Daniel Berehulak is an award-winning independent photojournalist based in Mexico City, Mexico.
A native of Sydney, Australia, Daniel has visited over 60 countries covering history-shaping events including the Iraq war, the trial of Saddam Hussein, child labour in India, Afghanistan elections and the return of Benazir Bhutto to Pakistan, and documented people coping with the aftermath of the Japan Tsunami and the Chernobyl disaster.
His work has been recognized with two Pulitzer prizes. In 2015, for Feature Photography for his coverage of the Ebola epidemic in West Africa and in 2017 for Breaking News Photography for his coverage of the so-called war on drugs in the Philippines, both for The New York Times. In 2011, he was also a Pulitzer finalist for his coverage of the 2010 floods in Pakistan.

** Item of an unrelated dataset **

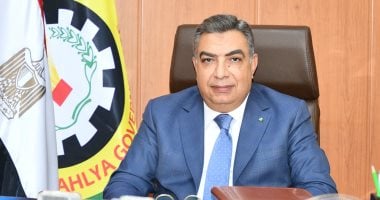 محافظ الدقهلية يؤكد جاهزية اللجان الانتخابية لاستقبال الناخبين بكل كفاءة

These are some of several honors his photography has earned including six World Press Photo awards, two Photographer Of The Year awards from Pictures of the Year International and the prestigious John Faber, Olivier Rebbot and Feature Photography awards from the Overseas Press Club amongst others.
Born to immigrant parents, Daniel grew up on a farm outside of Sydney, Australia. Their Ukrainian practicality did not consider photography to be a viable trade to pursue so at an early age Daniel worked on the farm and at his father’s refrigeration company. After graduating from The University of NSW with a degree in History, his career as a photographer started humbly: shooting sports matches for a guy who ran his business from his garage. In 2002 he started freelancing with Getty Images in Sydney shooting mainly sport.
From 2005 Daniel was based in London and from 2009 in New Delhi, as a staff news photographer with Getty Images.
As of July 2013, Daniel embarked upon a freelance career to focus on a combination of long-term personal projects, breaking news and client assignments.
He is a regular contributor to The New York Times.